Exercise objective
Retype each record exactly, please. Skip none.

Excerpts from a dataset
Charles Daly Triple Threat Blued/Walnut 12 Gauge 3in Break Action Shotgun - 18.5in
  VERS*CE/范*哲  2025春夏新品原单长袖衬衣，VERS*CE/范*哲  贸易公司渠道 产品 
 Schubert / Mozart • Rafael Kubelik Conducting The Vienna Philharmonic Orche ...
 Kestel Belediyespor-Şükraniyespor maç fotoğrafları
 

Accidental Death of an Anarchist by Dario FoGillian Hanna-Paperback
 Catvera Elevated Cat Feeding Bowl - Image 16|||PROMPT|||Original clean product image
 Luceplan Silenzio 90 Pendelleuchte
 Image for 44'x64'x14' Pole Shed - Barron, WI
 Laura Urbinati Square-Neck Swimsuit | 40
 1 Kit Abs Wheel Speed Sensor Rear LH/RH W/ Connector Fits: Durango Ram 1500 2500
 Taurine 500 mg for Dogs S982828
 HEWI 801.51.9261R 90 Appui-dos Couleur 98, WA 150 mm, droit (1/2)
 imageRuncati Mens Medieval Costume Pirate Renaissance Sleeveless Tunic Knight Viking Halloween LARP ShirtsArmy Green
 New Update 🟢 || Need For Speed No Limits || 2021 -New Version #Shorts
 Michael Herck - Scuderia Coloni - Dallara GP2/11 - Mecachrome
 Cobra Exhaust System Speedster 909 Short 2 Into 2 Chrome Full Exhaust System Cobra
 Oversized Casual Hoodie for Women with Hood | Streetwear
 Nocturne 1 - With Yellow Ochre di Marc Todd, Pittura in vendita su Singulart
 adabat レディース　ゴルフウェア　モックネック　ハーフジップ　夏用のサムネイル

Answer space
Charles Daly Triple Threat Blued/Walnut 12 Gauge 3in Break Action Shotgun - 18.5in
  VERS*CE/范*哲  2025春夏新品原单长袖衬衣，VERS*CE/范*哲  贸易公司渠道 产品 
 Schubert / Mozart • Rafael Kubelik Conducting The Vienna Philharmonic Orche ...
 Kestel Belediyespor-Şükraniyespor maç fotoğrafları
 

Accidental Death of an Anarchist by Dario FoGillian Hanna-Paperback
 Catvera Elevated Cat Feeding Bowl - Image 16|||PROMPT|||Original clean product image
 Luceplan Silenzio 90 Pendelleuchte
 Image for 44'x64'x14' Pole Shed - Barron, WI
 Laura Urbinati Square-Neck Swimsuit | 40
 1 Kit Abs Wheel Speed Sensor Rear LH/RH W/ Connector Fits: Durango Ram 1500 2500
 Taurine 500 mg for Dogs S982828
 HEWI 801.51.9261R 90 Appui-dos Couleur 98, WA 150 mm, droit (1/2)
 imageRuncati Mens Medieval Costume Pirate Renaissance Sleeveless Tunic Knight Viking Halloween LARP ShirtsArmy Green
 New Update 🟢 || Need For Speed No Limits || 2021 -New Version #Shorts
 Michael Herck - Scuderia Coloni - Dallara GP2/11 - Mecachrome
 Cobra Exhaust System Speedster 909 Short 2 Into 2 Chrome Full Exhaust System Cobra
 Oversized Casual Hoodie for Women with Hood | Streetwear
 Nocturne 1 - With Yellow Ochre di Marc Todd, Pittura in vendita su Singulart
 adabat レディース　ゴルフウェア　モックネック　ハーフジップ　夏用のサムネイル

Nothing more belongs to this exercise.